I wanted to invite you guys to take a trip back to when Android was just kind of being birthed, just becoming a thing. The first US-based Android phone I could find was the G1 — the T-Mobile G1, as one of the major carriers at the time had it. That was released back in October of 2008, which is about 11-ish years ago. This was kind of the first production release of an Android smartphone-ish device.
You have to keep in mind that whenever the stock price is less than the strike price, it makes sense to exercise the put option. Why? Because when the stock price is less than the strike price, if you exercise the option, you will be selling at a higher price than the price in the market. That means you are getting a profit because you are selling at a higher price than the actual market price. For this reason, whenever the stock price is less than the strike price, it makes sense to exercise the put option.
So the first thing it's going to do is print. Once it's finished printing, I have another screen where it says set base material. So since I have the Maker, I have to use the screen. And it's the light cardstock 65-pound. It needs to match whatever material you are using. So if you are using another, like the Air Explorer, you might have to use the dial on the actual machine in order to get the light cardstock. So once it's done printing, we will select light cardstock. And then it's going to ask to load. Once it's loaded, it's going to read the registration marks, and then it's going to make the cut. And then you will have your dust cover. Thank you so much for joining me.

● ● ● ●

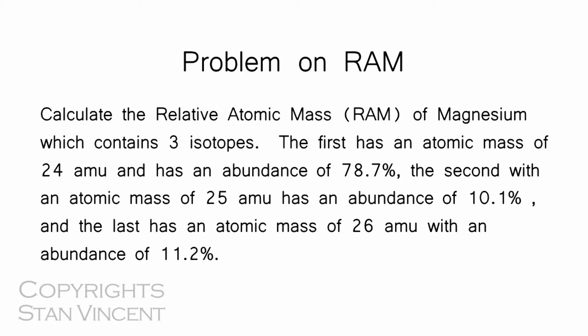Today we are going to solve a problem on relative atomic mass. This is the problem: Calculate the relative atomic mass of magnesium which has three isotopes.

● ● ● ●

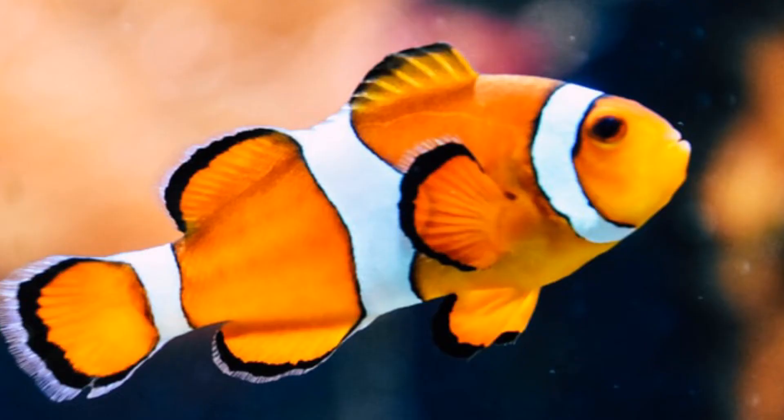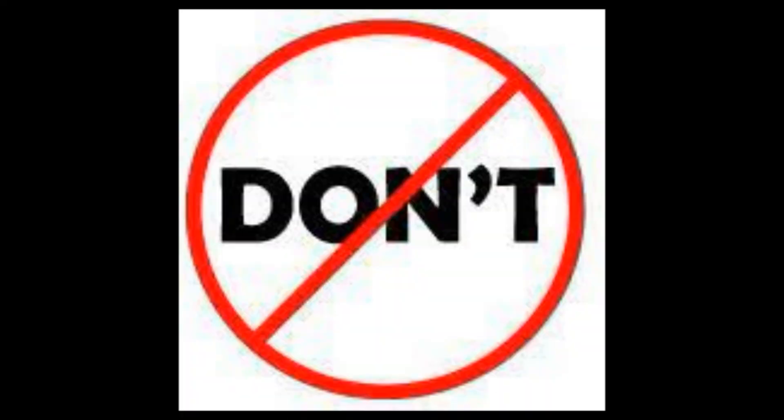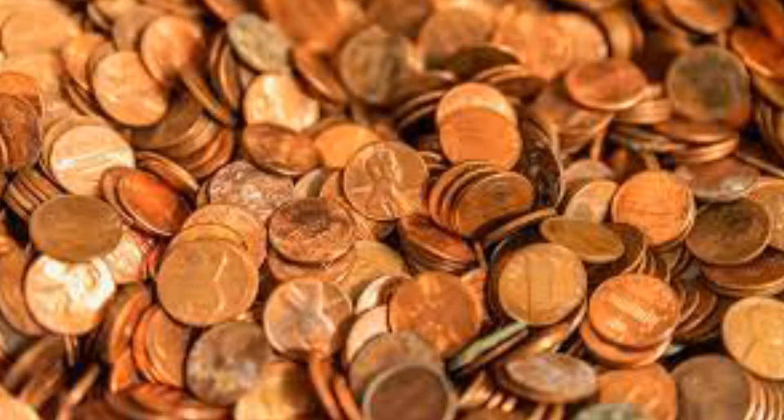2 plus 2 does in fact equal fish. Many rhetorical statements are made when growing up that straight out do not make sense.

● ● ● ●

Using the entries above, copy out all lines that contain the string "have".

You have to keep in mind that whenever the stock price is less than the strike price, it makes sense to exercise the put option. Why? Because when the stock price is less than the strike price, if you exercise the option, you will be selling at a higher price than the price in the market. That means you are getting a profit because you are selling at a higher price than the actual market price. For this reason, whenever the stock price is less than the strike price, it makes sense to exercise the put option.
So the first thing it's going to do is print. Once it's finished printing, I have another screen where it says set base material. So since I have the Maker, I have to use the screen. And it's the light cardstock 65-pound. It needs to match whatever material you are using. So if you are using another, like the Air Explorer, you might have to use the dial on the actual machine in order to get the light cardstock. So once it's done printing, we will select light cardstock. And then it's going to ask to load. Once it's loaded, it's going to read the registration marks, and then it's going to make the cut. And then you will have your dust cover. Thank you so much for joining me.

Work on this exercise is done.